The aspect I find most galling is the inversion of the principle of home ownership, whereby people have ended up paying what is essentially rent to a vulture fund, which almost certainly knows it will be able to acquire the property at the end of the term. Topaz Finance will have been licking its lips, I am sure, at a deal that basically guarantees that it will be paid twice: first, through the monthly payments that my constituents have been making; and secondly, when it sells their home from under them in 2029 at a healthy profit over what it picked the property up for in 2019.

The long tail of the era of neoliberal economics is still pernicious, because there is a confusion between concepts such as taxpayer value and what any of us would think they actually mean. To people like me, taxpayer value is not found in pauperising hundreds of thousands of households, nor is it to be found in scraping back every single penny that taxpayers saw spent on ensuring that the economy did not collapse overnight. To this old-fashioned social democrat, government is not a bank, with shareholders that need to see the principal of its loans paid back in full; it is an institution that is able to intervene in the economy at strategic moments. That is an idea that I think is slowly coming back into fashion, but I wonder how many of our national assets have found their way into the paws of that type of offshore capital in the intervening 40 years, leaving taxpayers with all of the costs, none of the benefits, and absolutely hee-haw value. That is why this Bill is essential: not only to hold this Government to account, but to shine a light on the fiscal approach of the loyal Opposition.

The Bill seeks to end evictions for mortgage prisoners. Let us do what we can to lift the burden that they have carried over the years. I know from reading briefings that the Government are concerned about what they call the moral hazard of acting. If these people have not already had their houses repossessed by 2024, they must necessarily have kept up with their repayments, so there is a strong case for saying that the moral hazard lies in the other direction—companies have been deliberately stringing our constituents along.

It is surely also natural to put a cap on the SVRs being offered to mortgage prisoners, especially given the general climate of mortgage instability. Our constituents have been coping with high interest rates for over a decade, and we gain nothing from pushing them further into debt. Of course, there will be a cost to the taxpayer in the abstract, but this move will be an investment that pays itself back through the cascade of money into our local economies, instead of into the pockets of offshore vulture funds. I am afraid that the day of balance-sheet economics needs to end.

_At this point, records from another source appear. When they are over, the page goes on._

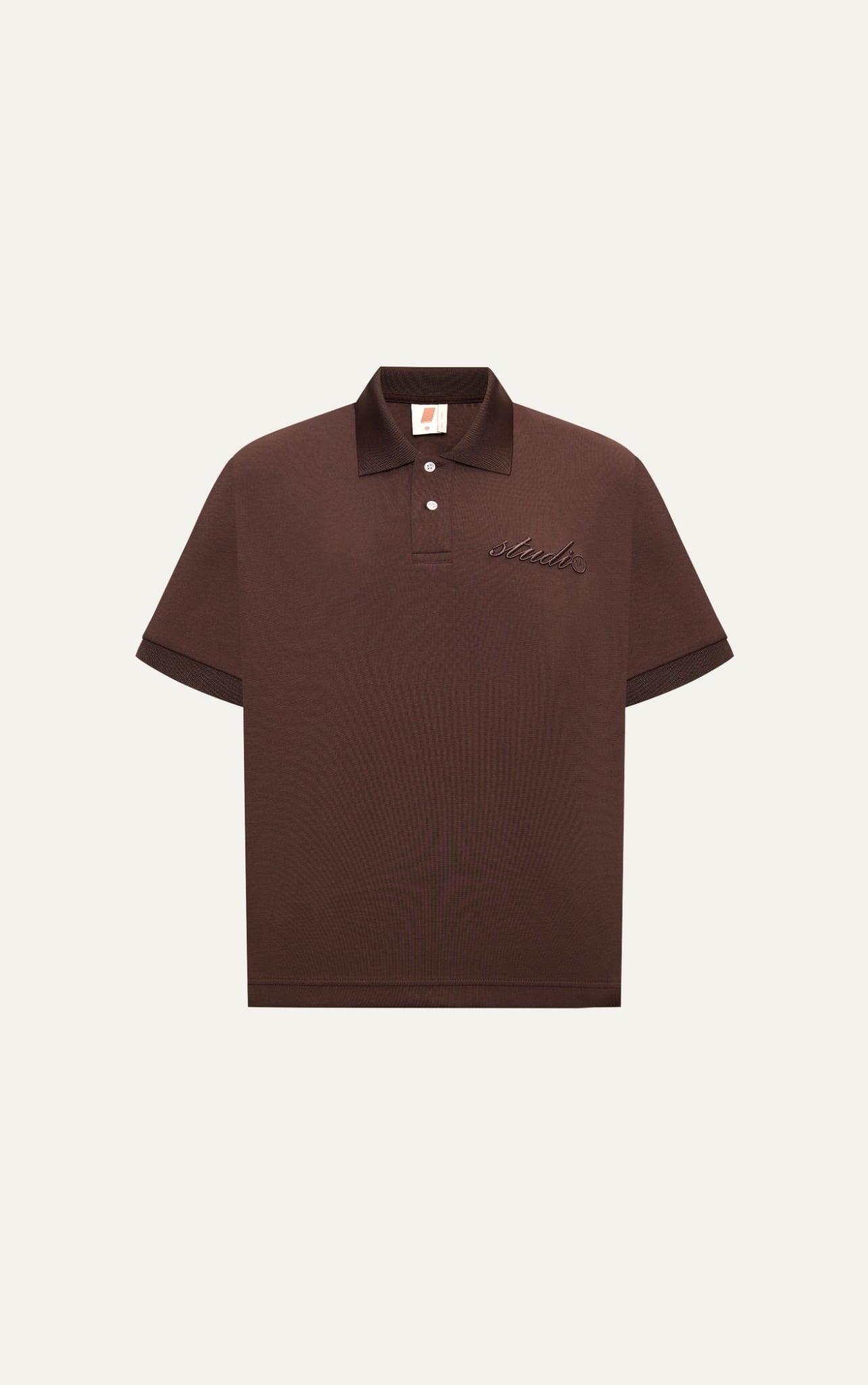 TT05 STUDIO LOOSE FIT POLO A/G LOGO - BROWN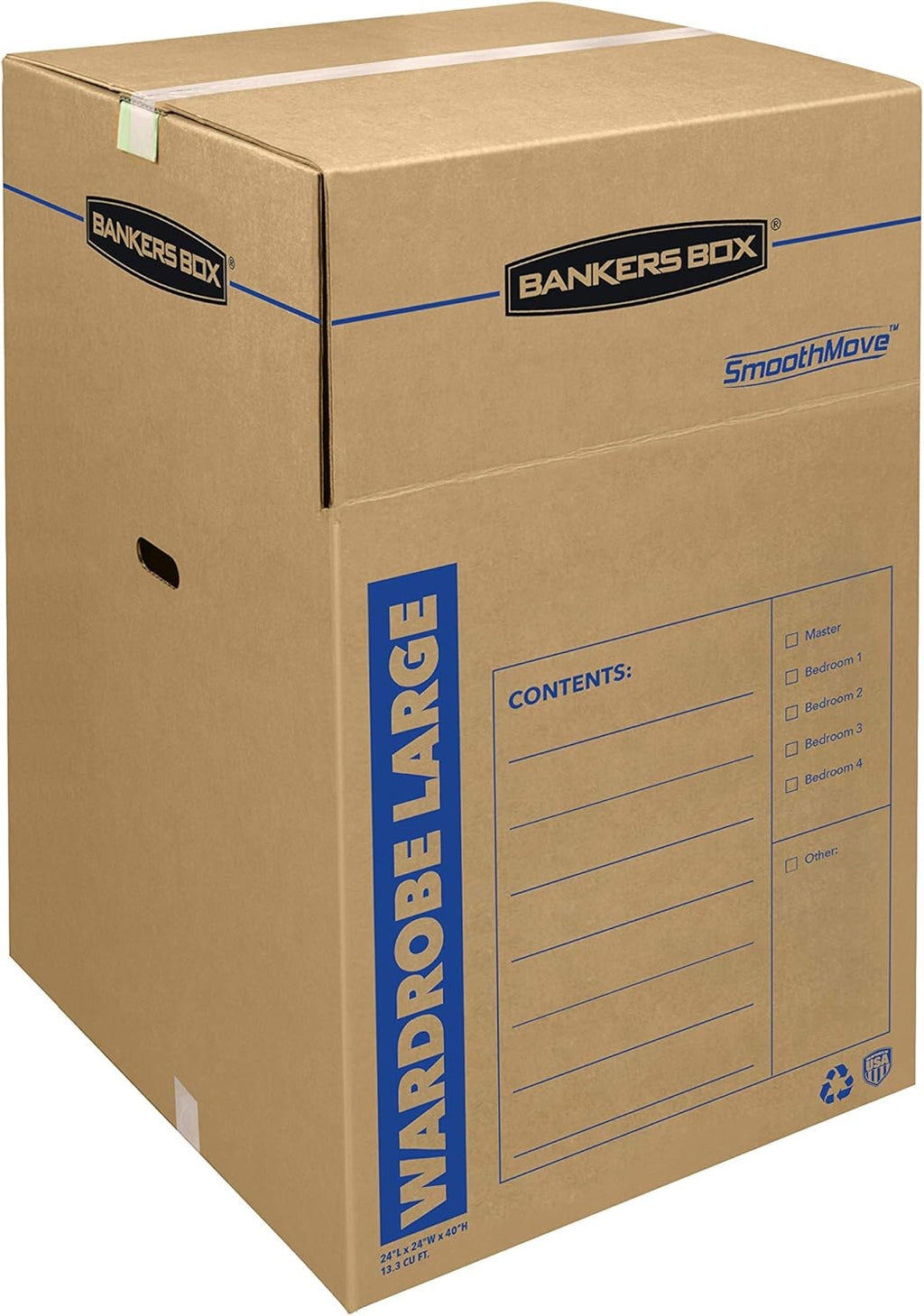 Bankers Box Tall Wardrobe Box - 3 Pack, 24" x 24" x 40" - Durable Storage Solution for Clothes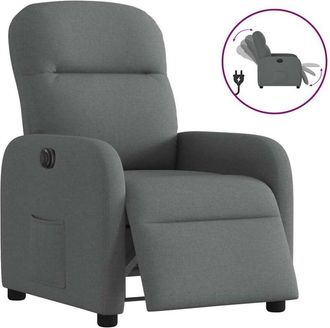 vidaXL Vidaxl - Sill&oacute;n Reclinable El&eacute;ctrico De Tela Gris Oscuro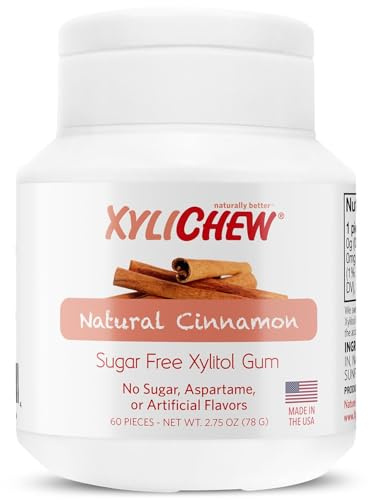 Xylichew Xylitol Gum - Sugar Free Chewing Gum - Cinnamon, 60 Count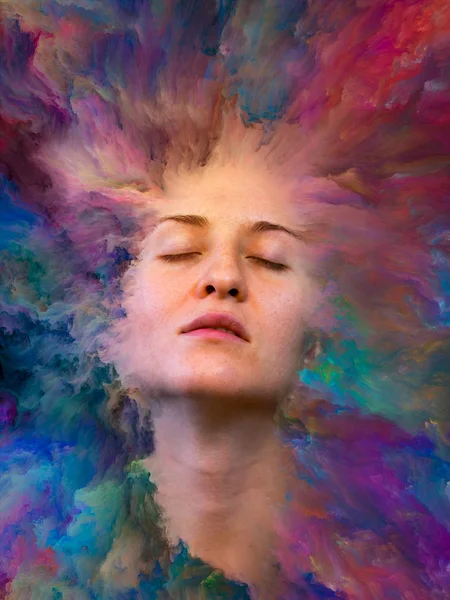 Her World Series Design Made Female Portrait Fused Vibrant Paint — Stock Photo, Image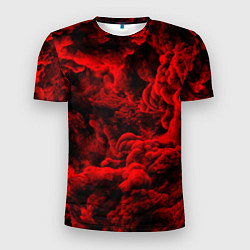 Мужская спорт-футболка Красный дым Red Smoke Красные облака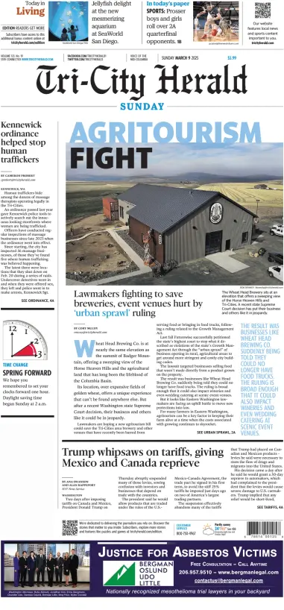 Cover of Tri-City Herald (Sunday)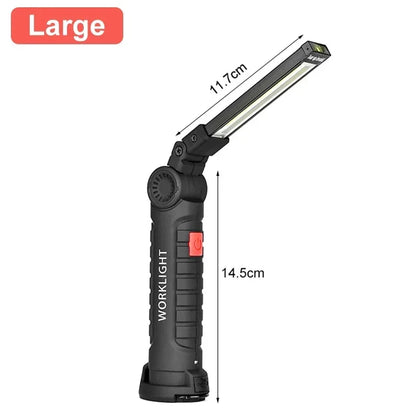 Portable COB LED Flashlight USB Rechargeable Work Light Torch
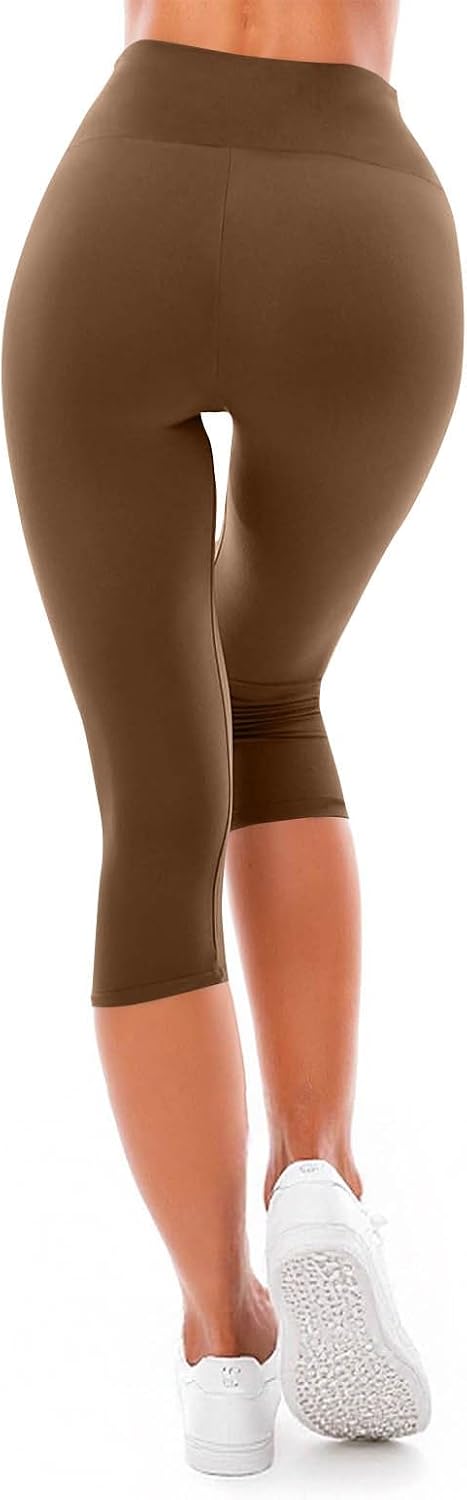 High Waisted Leggings for Women Full Length Capri Buttery Soft Yoga Pants for Workout Athletic Gym Tights Trousers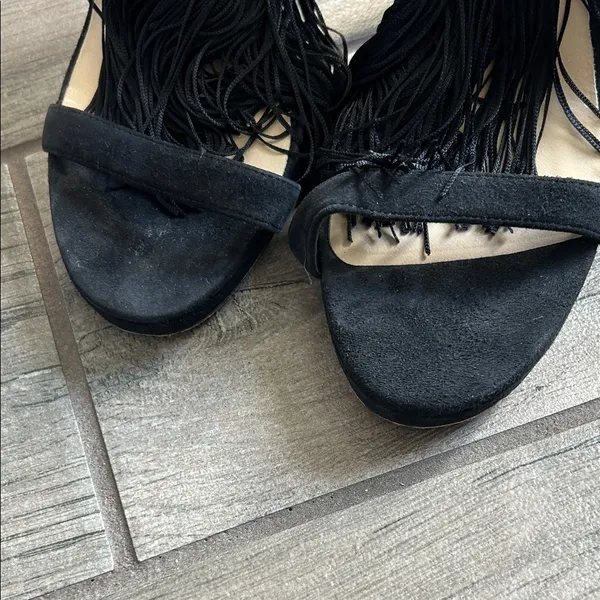 Jimmy Choo Black Fringe Heels - Image 8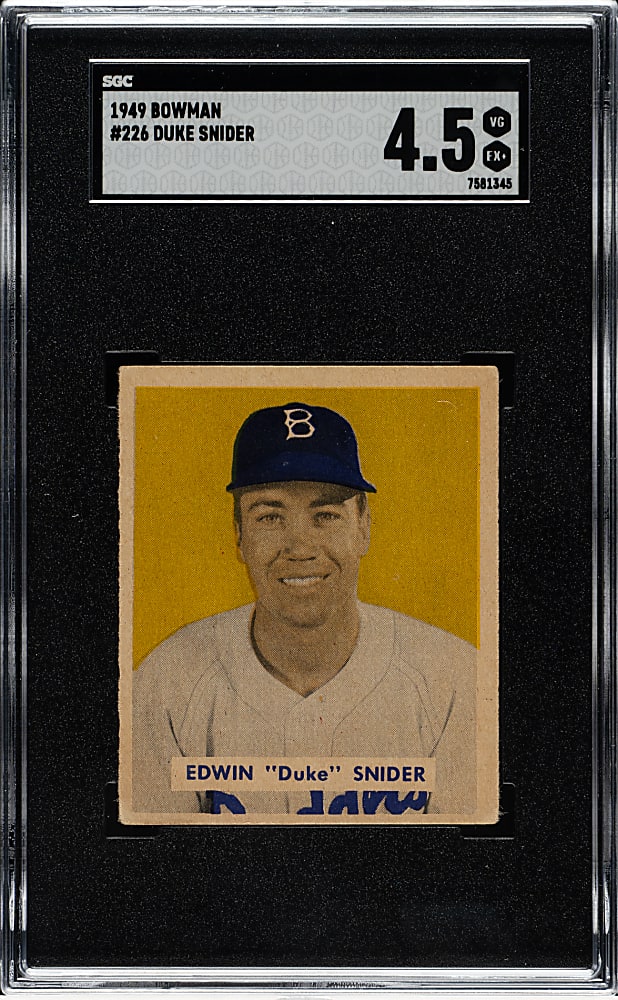 1949 Bowman #226 Duke Snider Rookie SGC VG/EX+ 4.5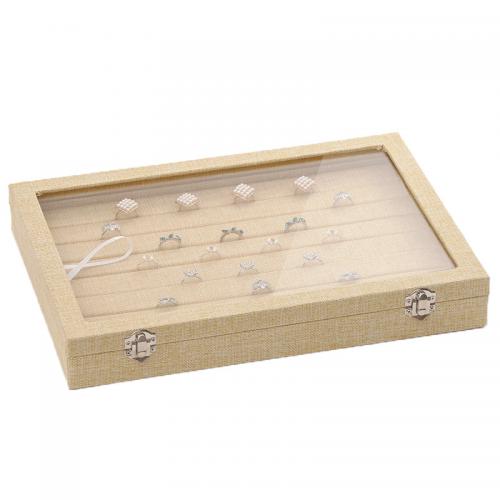 Boîte à bijoux multifonctions, Fibreboard de densité moyenne, avec Toile de lin, rectangle, Anti-poussière & styles différents pour le choix Environ Vendu par lot[
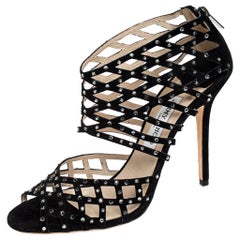 Jimmy Choo Black Suede Crystal Embellished Cut Out Strappy Sandals Size 40.5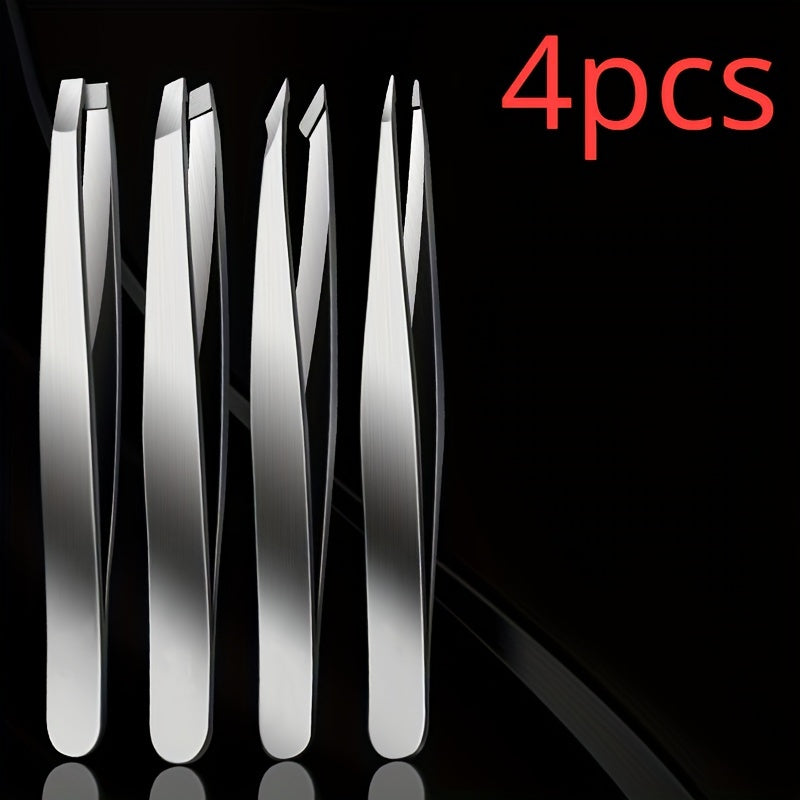 4pcs Professional Tweezers Set - Perfect For Eyebrow Hair Removal, Splinter & Ingrown Hair Removal & More - With Storage Bag & For Men & Women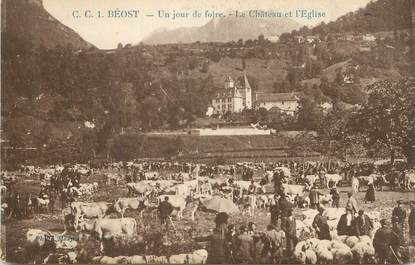 CPA FRANCE 64 " Béost, Un jour de foire, le château et l'église".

Finally, the Government owe it to mortgage prisoners to find a way for them to help themselves out of this mess. They should look into providing a vehicle that allows our constituents who are mortgage prisoners to pivot back into the mainstream market. The first suggestion of the report published by the LSE is that there should be free, comprehensive financial advice for all victims—that is what they are. Almost 200,000 people who are victims should be contacted individually to help them navigate their way out of the quagmire that they find themselves in. As I said, it gives me no pleasure to conclude that it appears there is nothing we can do to make up for what UK Mortgage Prisoners calls the

“extortionate interest rates, severe financial restrictions and mobility and mental & physical issues caused by this Government-made scandal.”

However, that does not mean that we should not try.

Question put and agreed to.


That Martin Docherty-Hughes, Alison Thewliss, Liz Saville Roberts, Claire Hanna, Stewart Hosie, Ben Lake, Amy Callaghan, Sammy Wilson, John McDonnell, Duncan Baker and Caroline Lucas present the Bill.

Martin Docherty-Hughes accordingly presented the Bill.

Bill read the First time; to be read a Second time on Friday 14 June, and to be printed (Bill 175).